Karte und Gebiet - Houellebecq, M: Karte und Gebiet - La carte et le territoire
Seite um, ohne einem erkennbaren
Rhythmus zu folgen. Jed warf einen diskreten Blick auf seine Armbanduhr: Seit
seiner Ankunft war bereits mehr als eine Stunde vergangen. Es herrschte
absolute Stille; dann ließ sich in der Ferne das tiefe Brummen eines
Kühlschrankkompressors vernehmen.
»Das sind alte Arbeiten«, wagte Jed
schließlich zu bemerken. »Ich habe sie nur mitgebracht, um Ihnen zu zeigen, in
welchem Rahmen sich meine Arbeit bewegt. Die Ausstellung … hat nur den Inhalt
der zweiten Mappe zum Gegenstand.«
Houellebecq sah mit leerem Blick zu
ihm auf, er schien vergessen zu haben, was Jed bei ihm machte, was der Grund
für seine Anwesenheit war; dennoch schlug er gehorsam die zweite Mappe auf. Es
verging noch eine weitere halbe Stunde, ehe er sie abrupt zuschlug und sich
eine Zigarette anzündete. Jed fiel plötzlich auf, dass Houellebecq während der
ganzen Zeit, in der er seine Fotos betrachtet hatte, nicht geraucht hatte.
»Ich bin einverstanden«, sagte er.
»Wissen Sie, ich habe so etwas noch nie gemacht, aber ich wusste, dass das
irgendwann in meinem Leben auf mich zukommen würde. Viele Schriftsteller haben,
wenn man es genauer betrachtet, Texte über Maler geschrieben, und zwar schon
seit Jahrhunderten. Das ist erstaunlich. Aber eine Frage hat mich trotzdem die ganze
Zeit beschäftigt, während ich Ihre Arbeiten angesehen habe: Warum haben Sie die
Fotografie aufgegeben?

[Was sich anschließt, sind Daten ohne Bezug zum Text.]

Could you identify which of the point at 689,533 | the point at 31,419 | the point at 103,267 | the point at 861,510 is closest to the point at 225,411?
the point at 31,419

Warum haben Sie sich der Malerei zugewandt?«
Jed dachte lange nach, ehe er
antwortete. »Ich bin mir nicht sicher, ob ich das selbst weiß«, gestand er
schließlich. »Aber das Problem in der bildenden Kunst, so scheint mir«, fuhr er
zögernd fort, »liegt in der Fülle der Themen. Ich könnte zum Beispiel diesen
Heizkörper durchaus als Sujet für ein brauchbares Gemälde erwägen.« Houellebecq
wandte sich rasch um und warf einen argwöhnischen Blick auf den Heizkörper, als
könne dieser bei der Vorstellung, gemalt zu werden, in Jubel ausbrechen; doch
nichts dergleichen geschah.
»Ich weiß nicht, ob Sie mit diesem
Heizkörper auf literarischem Gebiet etwas anfangen könnten«, sagte Jed
nachdrücklich. »Oder doch, wenn ich an Robbe-Grillet denke, der hätte den
Heizkörper einfach beschrieben … Aber ich weiß nicht, das finde ich nicht sonderlich
interessant …« Er verstrickte sich in Widersprüche, war sich bewusst, dass
seine Worte konfus und möglicherweise etwas unbeholfen waren, woher sollte er schon
wissen, ob Houellebecq Robbe-Grillet mochte oder nicht, aber vor allem fragte
er sich ein wenig ängstlich, warum er bloß auf die Malerei zu sprechen gekommen
war, die ihn noch immer, nach mehrjähriger Praxis, vor unüberwindbare
technische Probleme stellte, wohingegen er die Prinzipien der Fotografie und
den Umgang mit Kameras perfekt beherrschte.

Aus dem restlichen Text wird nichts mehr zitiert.